Melihat Aamir di film ini, Anda akan percaya bahwa zat yang bekerja meregenerasi kulit agar awet muda, betul-betul ada. Wajah dan keseksian tubuh Aamir seperti tidak melewati zaman. Ia, si pria 49 tahun itu, punya bodi mirip personal trainee di pusat kebugaran. Wajahnya malah seperti kian muda, sejak membintangi Lagaan, Fanaa, 3 Idiots, juga Dhoom 3. Di film ini, Aamir rela tubuh seksinya yang telanjang jadi jualan sang sutradara dengan dipampang sebagai poster. Well, naluri purba kita (saya maksudnya) memang tak berubah, ya. Hihi..

Film ini tak perlu dibahas berlarut-larut soal sinematografinya, bla bla, bla. Seperti yang sudah-sudah, sutradara India termasuk Raju Hirani, yang menggarap film ini, suka syuting di tempat aduhai. Ah, saya sebagai penyuka film India era Shahrukh Khan sampai Shaheed Kapoor pasti hafal soal ini. Entah tak pede dengan tampang negeri sendiri, sutradara India demen banget syuting di luar negeri. Kali ini yang dipilih adalah Belgia.

Apa pentingnya Belgia di sini? Yakni sebagai lokasi peletak drama film berdurasi sekitar 2,5 jam ini. Soal drama, lima jempol lah untuk sutradara India. Di tengah bombardir pertanyaan soal eksistensi Tuhan dan komedi satir, drama terbangun hampir sempurna. Berlebihan sedikit mungkin, di bagian tari-tariannya. Tapi ya sudahlah, terima saja itu sebagai naluri Bollywood. Bedanya, kalau dulu yang dipakai nari adalah pohon, sekarang tiang besi dalam MRT. Hehehe..


Prinsip pertama nonton PK, Anda dilarang tersinggung. Sebab, film ini menyentil ulah para pemuka agama yang menurut PK malah menyebabkan "salah sambung": doa kita manusia tak sampai ke Tuhan. Sejak awal, Hirani memang sudah bilang bahwa PK bicara soal Tuhan dan godmen. Jadi ya, sepanjang film, Tuhan dan pemuka agama akan melulu "disenggol", bahkan dikritik.

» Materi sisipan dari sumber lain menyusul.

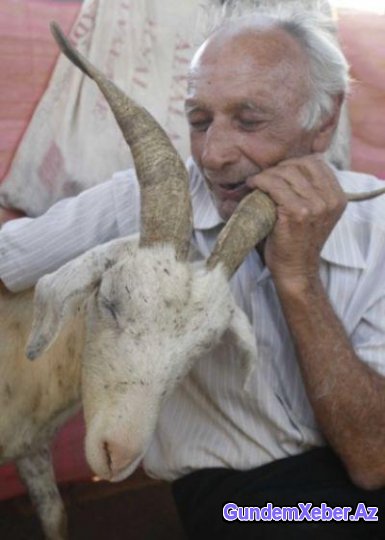 Qoca kişi keçi ilə evlənəcək - FOTO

Salah satu adegan yang saya ingat adalah saat PK menyebarkan poster "Tuhan Ada di Mana?", dan jika ada orang yang tau di mana Ia berada, tolong hubungi PK. PK melakukannya karena bingung. Ia merasa sudah minta bantuan Tuhan di kuil, gereja, masjid, dan menyumbang duit ke kotak amal agar doanya terjawab. Tapi ternyata, remote control-nya belum juga ketemu.

Untuk mempermudah proses terjawabnya doa, PK bahkan membantu Tuhan dengan mengenakan helm kuning menyala ke mana pun. Alasannya, "Biar Tuhan mudah menemukanku, dan kemudian menjawab doaku. Karena warna kuning kan mencolok."

Begitulah PK. Ulah dan pertanyaannya memancing kemarahan banyak orang yang merasa Tuhannya disepelekan. Padahal, kata PK, Tuhan sudah Mahaagung, tak perlu dibela.

Separuh pertama film, kita akan diajak tertawa habis-habisan oleh PK. Sinting dan tolol, tapi ya, memang begitulah kondisi di India, juga di belahan bumi lainnya. Kebanyakan dari kita merasa tak perlu lagi berdiskusi, bahkan dengan diri sendiri, soal kepercayaan dan agama yang diyakini. Padahal, fides quaerens intellectum. Iman itu mencari pengertian.